▶ [Problem details]: How many lines in this material include the string "Avenue"? Answer with the number and nothing further.

▶ [The records]:
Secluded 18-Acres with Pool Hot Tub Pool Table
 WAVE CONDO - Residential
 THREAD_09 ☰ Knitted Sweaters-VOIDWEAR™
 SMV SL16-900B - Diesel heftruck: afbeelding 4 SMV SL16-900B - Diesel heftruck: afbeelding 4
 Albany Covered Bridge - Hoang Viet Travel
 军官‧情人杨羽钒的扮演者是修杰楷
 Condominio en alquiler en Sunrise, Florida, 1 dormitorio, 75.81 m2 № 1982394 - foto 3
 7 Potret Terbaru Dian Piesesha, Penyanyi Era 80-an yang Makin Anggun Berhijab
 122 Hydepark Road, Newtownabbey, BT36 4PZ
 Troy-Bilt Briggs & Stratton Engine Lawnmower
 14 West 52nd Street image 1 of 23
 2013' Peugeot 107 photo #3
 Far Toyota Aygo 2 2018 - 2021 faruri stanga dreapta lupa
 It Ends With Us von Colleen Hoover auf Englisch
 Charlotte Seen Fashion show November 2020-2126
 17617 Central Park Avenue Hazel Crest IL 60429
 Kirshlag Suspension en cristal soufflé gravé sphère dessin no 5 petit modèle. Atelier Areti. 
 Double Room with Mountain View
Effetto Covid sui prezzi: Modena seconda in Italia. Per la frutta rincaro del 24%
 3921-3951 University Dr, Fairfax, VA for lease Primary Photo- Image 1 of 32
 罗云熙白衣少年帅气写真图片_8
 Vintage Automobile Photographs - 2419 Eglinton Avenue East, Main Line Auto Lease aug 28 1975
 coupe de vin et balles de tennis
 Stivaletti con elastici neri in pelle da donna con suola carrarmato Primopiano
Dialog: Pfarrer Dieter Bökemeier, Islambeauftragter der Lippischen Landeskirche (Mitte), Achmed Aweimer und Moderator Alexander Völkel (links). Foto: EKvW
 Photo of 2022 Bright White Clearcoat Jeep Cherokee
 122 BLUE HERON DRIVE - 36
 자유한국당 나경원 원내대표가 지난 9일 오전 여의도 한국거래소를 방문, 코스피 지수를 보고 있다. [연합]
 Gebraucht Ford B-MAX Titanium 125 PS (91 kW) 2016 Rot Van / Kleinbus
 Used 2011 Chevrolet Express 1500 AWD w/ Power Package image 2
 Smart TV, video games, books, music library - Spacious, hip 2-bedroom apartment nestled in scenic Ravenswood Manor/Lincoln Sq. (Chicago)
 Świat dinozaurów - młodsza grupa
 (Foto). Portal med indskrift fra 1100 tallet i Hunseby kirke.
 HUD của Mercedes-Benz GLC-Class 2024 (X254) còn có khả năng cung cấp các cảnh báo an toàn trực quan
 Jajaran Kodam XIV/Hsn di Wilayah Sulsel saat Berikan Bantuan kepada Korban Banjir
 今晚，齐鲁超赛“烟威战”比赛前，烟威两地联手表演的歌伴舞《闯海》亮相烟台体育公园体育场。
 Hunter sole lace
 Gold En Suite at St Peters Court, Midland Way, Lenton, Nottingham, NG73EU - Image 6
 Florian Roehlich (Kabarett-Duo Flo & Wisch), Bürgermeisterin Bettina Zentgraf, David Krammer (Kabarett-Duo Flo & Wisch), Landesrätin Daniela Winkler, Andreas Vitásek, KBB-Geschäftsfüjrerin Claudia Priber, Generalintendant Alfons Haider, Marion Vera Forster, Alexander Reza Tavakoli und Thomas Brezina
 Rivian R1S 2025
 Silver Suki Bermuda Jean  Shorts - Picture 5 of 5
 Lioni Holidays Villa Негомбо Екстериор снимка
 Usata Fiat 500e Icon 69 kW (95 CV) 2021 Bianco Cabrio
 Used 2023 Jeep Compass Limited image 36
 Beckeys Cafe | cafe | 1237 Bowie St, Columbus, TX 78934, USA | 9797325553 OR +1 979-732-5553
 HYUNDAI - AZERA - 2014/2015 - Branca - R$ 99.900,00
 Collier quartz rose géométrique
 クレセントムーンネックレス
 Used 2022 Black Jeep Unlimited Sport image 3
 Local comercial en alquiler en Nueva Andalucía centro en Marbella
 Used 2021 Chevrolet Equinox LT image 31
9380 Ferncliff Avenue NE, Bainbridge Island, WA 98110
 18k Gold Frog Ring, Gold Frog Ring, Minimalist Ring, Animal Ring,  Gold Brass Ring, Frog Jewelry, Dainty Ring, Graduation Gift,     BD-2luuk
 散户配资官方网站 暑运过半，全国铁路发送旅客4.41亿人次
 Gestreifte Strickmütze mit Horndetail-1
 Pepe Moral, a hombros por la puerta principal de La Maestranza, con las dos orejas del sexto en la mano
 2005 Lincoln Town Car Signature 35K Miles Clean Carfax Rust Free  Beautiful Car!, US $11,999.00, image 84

▶ [Solved problem]: 3